--- Your assignment ---
For this exercise, print all of the data exactly as given.

--- Given data ---
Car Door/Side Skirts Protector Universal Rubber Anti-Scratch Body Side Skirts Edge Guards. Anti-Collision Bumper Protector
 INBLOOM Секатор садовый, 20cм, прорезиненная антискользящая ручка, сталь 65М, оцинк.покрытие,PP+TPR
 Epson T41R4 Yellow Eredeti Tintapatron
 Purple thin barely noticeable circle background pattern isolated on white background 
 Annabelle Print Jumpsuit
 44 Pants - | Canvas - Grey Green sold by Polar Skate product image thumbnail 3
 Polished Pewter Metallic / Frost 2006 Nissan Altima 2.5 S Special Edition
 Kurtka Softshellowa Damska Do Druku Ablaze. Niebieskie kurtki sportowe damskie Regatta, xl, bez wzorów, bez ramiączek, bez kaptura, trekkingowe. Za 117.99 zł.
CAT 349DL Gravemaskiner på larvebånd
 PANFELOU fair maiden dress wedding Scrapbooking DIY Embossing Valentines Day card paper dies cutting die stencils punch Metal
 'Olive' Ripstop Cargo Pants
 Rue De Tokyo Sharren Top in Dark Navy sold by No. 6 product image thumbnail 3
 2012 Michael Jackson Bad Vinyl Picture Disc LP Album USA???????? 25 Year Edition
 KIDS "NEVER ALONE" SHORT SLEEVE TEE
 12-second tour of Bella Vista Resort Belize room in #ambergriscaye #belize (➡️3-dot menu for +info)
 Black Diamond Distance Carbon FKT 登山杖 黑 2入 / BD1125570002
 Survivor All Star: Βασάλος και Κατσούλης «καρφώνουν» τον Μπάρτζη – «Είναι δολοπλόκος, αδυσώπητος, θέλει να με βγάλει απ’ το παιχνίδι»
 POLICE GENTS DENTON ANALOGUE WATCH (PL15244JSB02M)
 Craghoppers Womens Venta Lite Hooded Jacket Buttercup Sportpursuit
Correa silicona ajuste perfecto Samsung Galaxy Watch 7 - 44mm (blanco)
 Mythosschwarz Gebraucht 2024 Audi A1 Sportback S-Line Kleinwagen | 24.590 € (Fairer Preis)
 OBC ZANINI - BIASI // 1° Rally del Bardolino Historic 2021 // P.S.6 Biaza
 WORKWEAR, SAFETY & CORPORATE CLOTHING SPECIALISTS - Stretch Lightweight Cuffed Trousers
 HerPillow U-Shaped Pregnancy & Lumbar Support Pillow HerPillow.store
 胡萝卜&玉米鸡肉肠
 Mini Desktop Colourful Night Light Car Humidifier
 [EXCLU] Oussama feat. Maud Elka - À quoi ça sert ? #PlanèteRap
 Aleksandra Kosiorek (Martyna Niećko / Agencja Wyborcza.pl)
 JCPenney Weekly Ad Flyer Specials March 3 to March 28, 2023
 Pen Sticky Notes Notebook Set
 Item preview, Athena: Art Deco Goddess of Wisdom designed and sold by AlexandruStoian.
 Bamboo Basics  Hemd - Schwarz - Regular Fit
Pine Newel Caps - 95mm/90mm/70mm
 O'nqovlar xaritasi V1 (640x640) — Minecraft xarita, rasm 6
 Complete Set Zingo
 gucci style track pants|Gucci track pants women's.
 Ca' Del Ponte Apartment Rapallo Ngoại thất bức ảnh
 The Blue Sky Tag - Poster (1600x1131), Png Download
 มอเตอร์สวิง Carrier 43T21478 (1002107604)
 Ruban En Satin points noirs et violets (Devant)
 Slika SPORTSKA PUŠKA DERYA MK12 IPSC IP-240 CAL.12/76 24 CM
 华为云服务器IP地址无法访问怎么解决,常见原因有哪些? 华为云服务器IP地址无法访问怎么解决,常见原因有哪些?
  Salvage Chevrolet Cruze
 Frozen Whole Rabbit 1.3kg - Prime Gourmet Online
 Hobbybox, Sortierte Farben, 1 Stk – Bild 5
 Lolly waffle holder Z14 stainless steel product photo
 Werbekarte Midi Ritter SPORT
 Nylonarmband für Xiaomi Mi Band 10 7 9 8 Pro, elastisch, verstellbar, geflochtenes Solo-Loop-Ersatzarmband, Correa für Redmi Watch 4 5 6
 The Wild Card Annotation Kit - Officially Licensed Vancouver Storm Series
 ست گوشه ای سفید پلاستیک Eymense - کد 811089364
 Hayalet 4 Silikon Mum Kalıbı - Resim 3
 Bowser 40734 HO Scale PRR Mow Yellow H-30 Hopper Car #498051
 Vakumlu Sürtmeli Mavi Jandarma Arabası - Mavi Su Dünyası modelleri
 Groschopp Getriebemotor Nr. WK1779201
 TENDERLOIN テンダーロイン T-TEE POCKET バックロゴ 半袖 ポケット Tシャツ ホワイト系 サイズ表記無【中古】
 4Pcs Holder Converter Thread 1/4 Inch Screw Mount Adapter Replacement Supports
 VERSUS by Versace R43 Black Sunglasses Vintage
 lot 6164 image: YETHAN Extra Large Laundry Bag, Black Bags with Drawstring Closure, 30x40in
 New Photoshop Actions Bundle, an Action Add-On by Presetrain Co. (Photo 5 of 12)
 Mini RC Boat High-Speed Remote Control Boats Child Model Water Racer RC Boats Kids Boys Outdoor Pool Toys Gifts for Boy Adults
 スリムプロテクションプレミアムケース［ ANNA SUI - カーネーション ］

--- Result of this exercise ---
Car Door/Side Skirts Protector Universal Rubber Anti-Scratch Body Side Skirts Edge Guards. Anti-Collision Bumper Protector
 INBLOOM Секатор садовый, 20cм, прорезиненная антискользящая ручка, сталь 65М, оцинк.покрытие,PP+TPR
 Epson T41R4 Yellow Eredeti Tintapatron
 Purple thin barely noticeable circle background pattern isolated on white background 
 Annabelle Print Jumpsuit
 44 Pants - | Canvas - Grey Green sold by Polar Skate product image thumbnail 3
 Polished Pewter Metallic / Frost 2006 Nissan Altima 2.5 S Special Edition
 Kurtka Softshellowa Damska Do Druku Ablaze. Niebieskie kurtki sportowe damskie Regatta, xl, bez wzorów, bez ramiączek, bez kaptura, trekkingowe. Za 117.99 zł.
CAT 349DL Gravemaskiner på larvebånd
 PANFELOU fair maiden dress wedding Scrapbooking DIY Embossing Valentines Day card paper dies cutting die stencils punch Metal
 'Olive' Ripstop Cargo Pants
 Rue De Tokyo Sharren Top in Dark Navy sold by No. 6 product image thumbnail 3
 2012 Michael Jackson Bad Vinyl Picture Disc LP Album USA???????? 25 Year Edition
 KIDS "NEVER ALONE" SHORT SLEEVE TEE
 12-second tour of Bella Vista Resort Belize room in #ambergriscaye #belize (➡️3-dot menu for +info)
 Black Diamond Distance Carbon FKT 登山杖 黑 2入 / BD1125570002
 Survivor All Star: Βασάλος και Κατσούλης «καρφώνουν» τον Μπάρτζη – «Είναι δολοπλόκος, αδυσώπητος, θέλει να με βγάλει απ’ το παιχνίδι»
 POLICE GENTS DENTON ANALOGUE WATCH (PL15244JSB02M)
 Craghoppers Womens Venta Lite Hooded Jacket Buttercup Sportpursuit
Correa silicona ajuste perfecto Samsung Galaxy Watch 7 - 44mm (blanco)
 Mythosschwarz Gebraucht 2024 Audi A1 Sportback S-Line Kleinwagen | 24.590 € (Fairer Preis)
 OBC ZANINI - BIASI // 1° Rally del Bardolino Historic 2021 // P.S.6 Biaza
 WORKWEAR, SAFETY & CORPORATE CLOTHING SPECIALISTS - Stretch Lightweight Cuffed Trousers
 HerPillow U-Shaped Pregnancy & Lumbar Support Pillow HerPillow.store
 胡萝卜&玉米鸡肉肠
 Mini Desktop Colourful Night Light Car Humidifier
 [EXCLU] Oussama feat. Maud Elka - À quoi ça sert ? #PlanèteRap
 Aleksandra Kosiorek (Martyna Niećko / Agencja Wyborcza.pl)
 JCPenney Weekly Ad Flyer Specials March 3 to March 28, 2023
 Pen Sticky Notes Notebook Set
 Item preview, Athena: Art Deco Goddess of Wisdom designed and sold by AlexandruStoian.
 Bamboo Basics  Hemd - Schwarz - Regular Fit
Pine Newel Caps - 95mm/90mm/70mm
 O'nqovlar xaritasi V1 (640x640) — Minecraft xarita, rasm 6
 Complete Set Zingo
 gucci style track pants|Gucci track pants women's.
 Ca' Del Ponte Apartment Rapallo Ngoại thất bức ảnh
 The Blue Sky Tag - Poster (1600x1131), Png Download
 มอเตอร์สวิง Carrier 43T21478 (1002107604)
 Ruban En Satin points noirs et violets (Devant)
 Slika SPORTSKA PUŠKA DERYA MK12 IPSC IP-240 CAL.12/76 24 CM
 华为云服务器IP地址无法访问怎么解决,常见原因有哪些? 华为云服务器IP地址无法访问怎么解决,常见原因有哪些?
  Salvage Chevrolet Cruze
 Frozen Whole Rabbit 1.3kg - Prime Gourmet Online
 Hobbybox, Sortierte Farben, 1 Stk – Bild 5
 Lolly waffle holder Z14 stainless steel product photo
 Werbekarte Midi Ritter SPORT
 Nylonarmband für Xiaomi Mi Band 10 7 9 8 Pro, elastisch, verstellbar, geflochtenes Solo-Loop-Ersatzarmband, Correa für Redmi Watch 4 5 6
 The Wild Card Annotation Kit - Officially Licensed Vancouver Storm Series
 ست گوشه ای سفید پلاستیک Eymense - کد 811089364
 Hayalet 4 Silikon Mum Kalıbı - Resim 3
 Bowser 40734 HO Scale PRR Mow Yellow H-30 Hopper Car #498051
 Vakumlu Sürtmeli Mavi Jandarma Arabası - Mavi Su Dünyası modelleri
 Groschopp Getriebemotor Nr. WK1779201
 TENDERLOIN テンダーロイン T-TEE POCKET バックロゴ 半袖 ポケット Tシャツ ホワイト系 サイズ表記無【中古】
 4Pcs Holder Converter Thread 1/4 Inch Screw Mount Adapter Replacement Supports
 VERSUS by Versace R43 Black Sunglasses Vintage
 lot 6164 image: YETHAN Extra Large Laundry Bag, Black Bags with Drawstring Closure, 30x40in
 New Photoshop Actions Bundle, an Action Add-On by Presetrain Co. (Photo 5 of 12)
 Mini RC Boat High-Speed Remote Control Boats Child Model Water Racer RC Boats Kids Boys Outdoor Pool Toys Gifts for Boy Adults
 スリムプロテクションプレミアムケース［ ANNA SUI - カーネーション ］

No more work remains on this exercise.